Atonio Soprano was stopped in Kent whereas making an attempt to deliver crops into the nation from Italy, and ended up being held at a government-run facility for greater than two days.

During this time he was not supplied something to eat. He was as an alternative instructed to stroll over a mile to the closest McDonald’s, which resulted in a £185 positive and his automobile being clamped as he struggled to discover a place to park within the early hours of the morning.

EU laws restrict the period of time a HGV driver can go and not using a break and he couldn’t spend the night time at Sevington, so Soprano had no alternative however to hunt refuge within the McDonald’s automotive park as the closest lorry park was already full.

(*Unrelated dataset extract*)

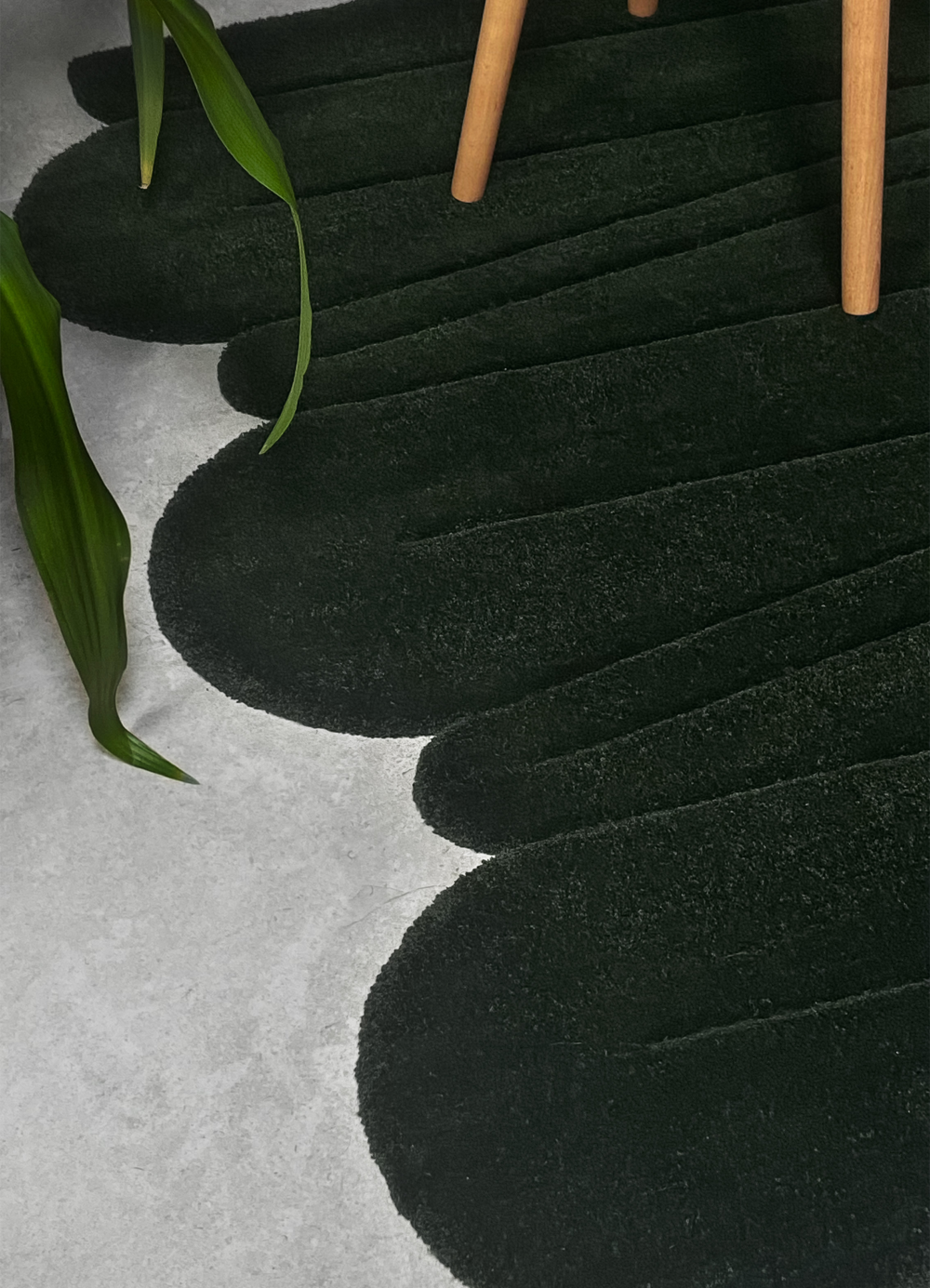 Tapis design tufté fait main, modèle F.01, aux formes abstraites et modernes, idéal pour une décoration intérieure contemporaine ou raviver un univers rustique.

The ordeal started when he was ordered to make the 22-mile drive from Dover to the Sevington border put up in Ashford, Kent for inspection, the place he was instantly left in a ready space with out his keys.

He speaks no English and stated nobody tried to elucidate what was occurring. He informed The Guardian: “They told me to go and eat at a McDonald’s, which was two kilometers away. In the end I found a supermarket but we had no services apart from a toilet.

“I perceive they should do the controls however this behaviour is just not regular, it was a large number. I don’t know why we needed to wait for therefore lengthy. I’ve to go to England for work, I’ve no alternative, however this was not regular.”

Soprano was held as officials were suspicious about 10 Prunus lusitanica plants that could be carrying harmful pests. He arrived at 6:30pm on May 26, but concerns were not raised for hours, which officials put down to health and safety concerns over the plants.

While at Sevington, he had to take an 11-hour rest break, known as a tachi break, which the Department for Environment, Food and Rural Affairs blamed for the delay in the initial inspection of his lorry.

Just after 1am on May 29, some 55 hours after Soprano arrived, officials eventually signed off the plants and allowed the lorry to be released. This left the driver searching for a place to sleep, which eventually saw him resort to the McDonald’s car park.

This comes just weeks after it was revealed that some lorry drivers face 20-hour waits at Sevington border control post due to an IT outage that caused staggering delays for perishable items coming into the country.

There have also been repeated warnings from horticultural trade bodies that checking plant products at the border is impractical and border staff are struggling to load and unload lorries.

Vicenzo Marini, the chief executive of Marini, who employs Soprano, called the incident “surreal”, including that post-Brexit checks and customized necessities have made sending items to the UK extra problematic.